Le Rêve de la Raison, ou comment j'ai appris à aimer Pink Floyd


Printemps 2012



J'ai quinze ans, bientôt seize.
Je suis en seconde, dans une classe plutôt branchée arts.
Moi je suis en option cinéma, mais ça ne me m'empêche pas de trainer avec des gens en option musique. Parmi ces gens là, un pote, perdu de vue dés la première qui se reconnaître sûrement, qui est certes un excellent musicien, mais également un sacré flemmard. Le genre à arriver à 15h45 dans un cours qui se termine à 16h et de sortir comme excuse au prof "désolé, mon réveil n'a pas sonné" en haussant les épaules, les bras ballants. Ce mec là m'a initié à deux chose dans la vie : Fruity Loops, d'une part, et Pink Floyd de l'autre.

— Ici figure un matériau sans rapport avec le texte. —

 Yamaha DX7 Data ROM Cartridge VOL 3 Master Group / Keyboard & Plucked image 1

Un beau jour de printemps, début juin, alors que je passe chez lui entre deux cours, je tombe sur sa collection de K7 pirates qu'il a piquées à son père. Parmi celles-ci, je remarque Dark Side Of The Moon. A cette époque, je commence tout juste à sérieusement m'intéresser à la musique : j'écoute encore du hard-rock et je venais alors de redécouvrir The B-52's et Giorgio Moroder. Mais j'avais sérieusement envie de nouveauté, avec une boulimie musicale qui ne cessait alors de se développer. Ce pote là, étant assez mauvais élève et cherchant à tout prix de nouvelles distractions pendant la durée même des cours, me promet alors une de ses cassettes de Pink Floyd en échange de mon CD d'installation du logiciel PC de la calculatrice Casio G35, lui permettant d'installer "Snake" et un casse brique sur sa calculette afin de passer le temps en cours de maths. Quelques jours plus tard, je lui refile le CD, et plus tard dans la même journée, il revient au lycée avec ladite cassette de Pink Floyd. Seulement voila, il ne s'agit pas de Dark Side Of The Moon comme je le lui avait demandé, mais de A Momentary Lapse Of Reason.

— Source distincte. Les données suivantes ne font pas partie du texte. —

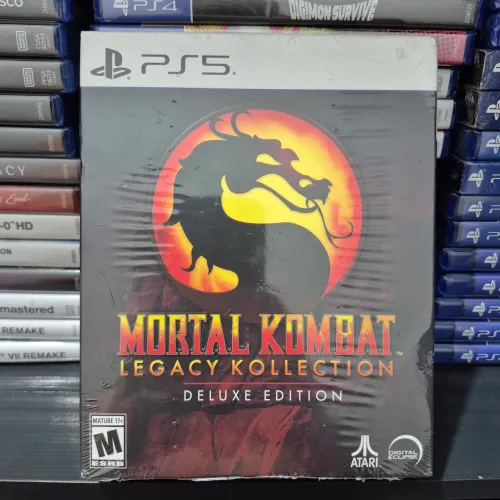 Mortal Kombat Legacy Kollection Deluxe Edition - PS5.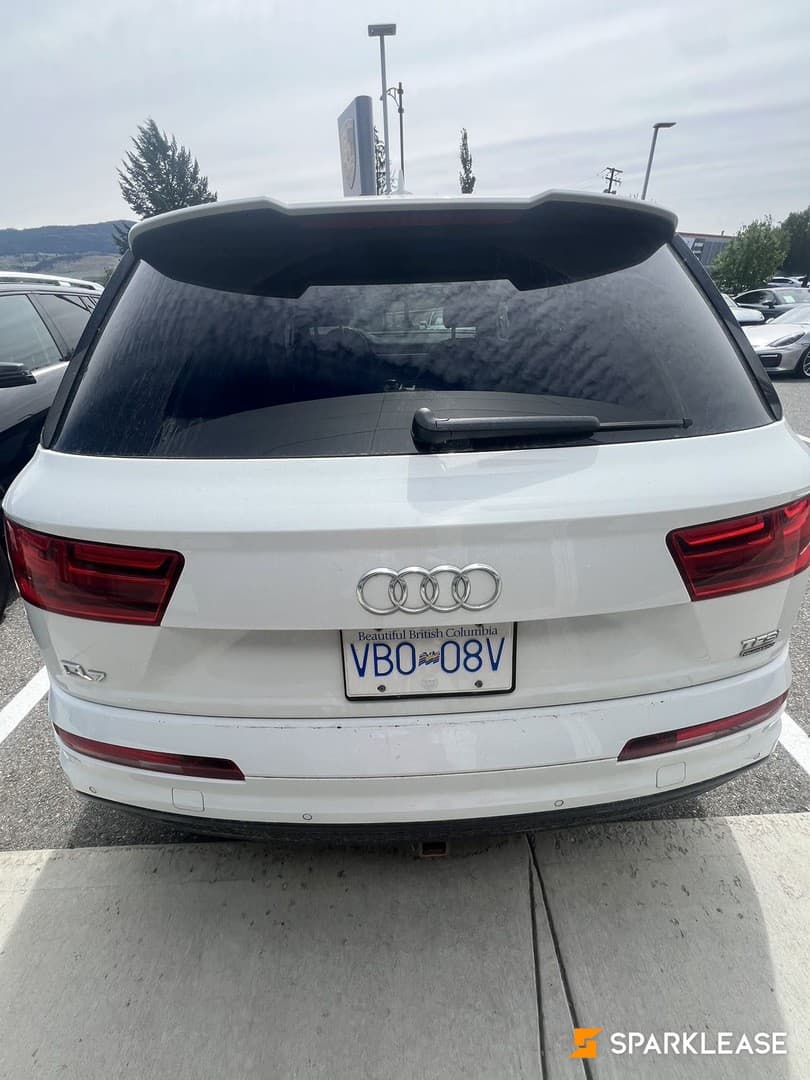 2017 Audi Q7 Technik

"Je me suis trompé dans les K7, toutes les boîtes se ressemblent" dit-il, un sourire malin aux lèvres. Evidemment, il ne voulait surtout pas se séparer de son album préféré des Floyd, même si c'était une vulgaire K7 piratée par son père dix ans auparavant...


Soit.


Le fait est que j'avais désormais de la nouvelle musique à écouter, qui plus est d'un groupe que je ne connaissais qu'à peine puisqu'un autre ami, un peu plus tôt alors que j'étais au collège, me matraquait sans arrêt la suite "Another Brick In The Wall Pt.1/The Happiest Days Of Our Lives/Another Brick In The Wall Pt.2" et tenta un jour de me montrer Pink Floyd's The Wall, le film d'Alan Parker (sans succès, je préférais encore jouer avec lui à Left 4 Dead et GTA à cette époque, mais n'oublions pas j'avais alors que 13 ou 14 ans)...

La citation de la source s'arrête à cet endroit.